*TASK TO COMPLETE*: Write out again the lines from the line with "ご購入後の車検やメンテナンス" up to and including the line with "Инструменты для подтяжки", exactly as they stand below, and skip any picture.

*RECORDED INFORMATION*:
========

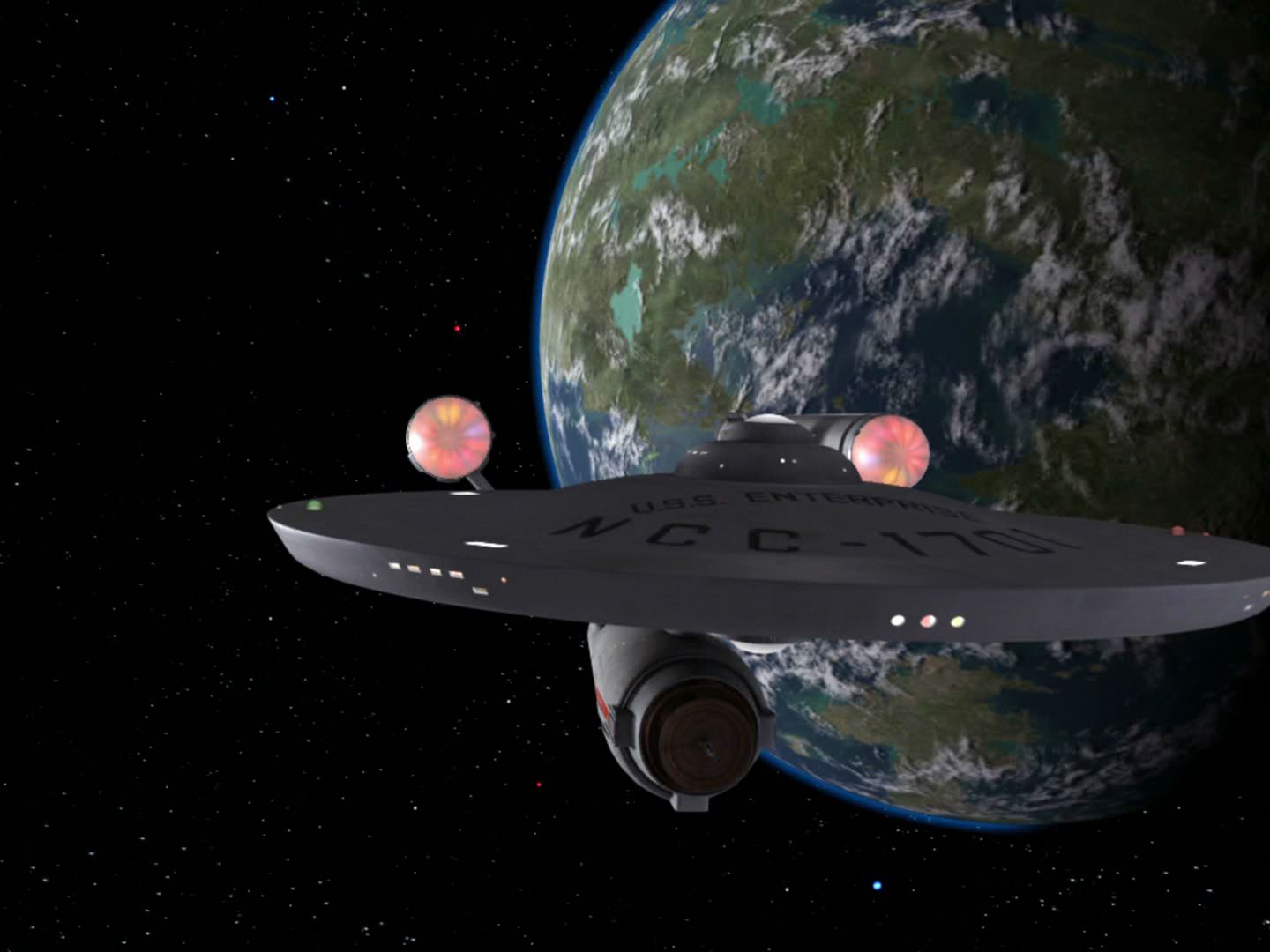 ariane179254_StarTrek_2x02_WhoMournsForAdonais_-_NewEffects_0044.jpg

========

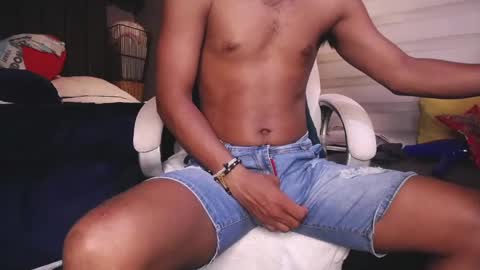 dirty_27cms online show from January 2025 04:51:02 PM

========

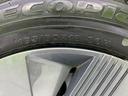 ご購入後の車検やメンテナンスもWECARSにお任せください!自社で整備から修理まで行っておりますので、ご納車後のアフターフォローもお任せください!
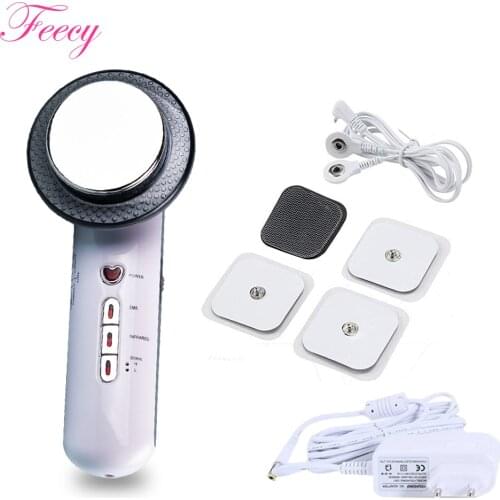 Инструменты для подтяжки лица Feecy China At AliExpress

========

*YOUR RESPONSE*:
 ご購入後の車検やメンテナンスもWECARSにお任せください!自社で整備から修理まで行っておりますので、ご納車後のアフターフォローもお任せください!
 Инструменты для подтяжки лица Feecy China At AliExpress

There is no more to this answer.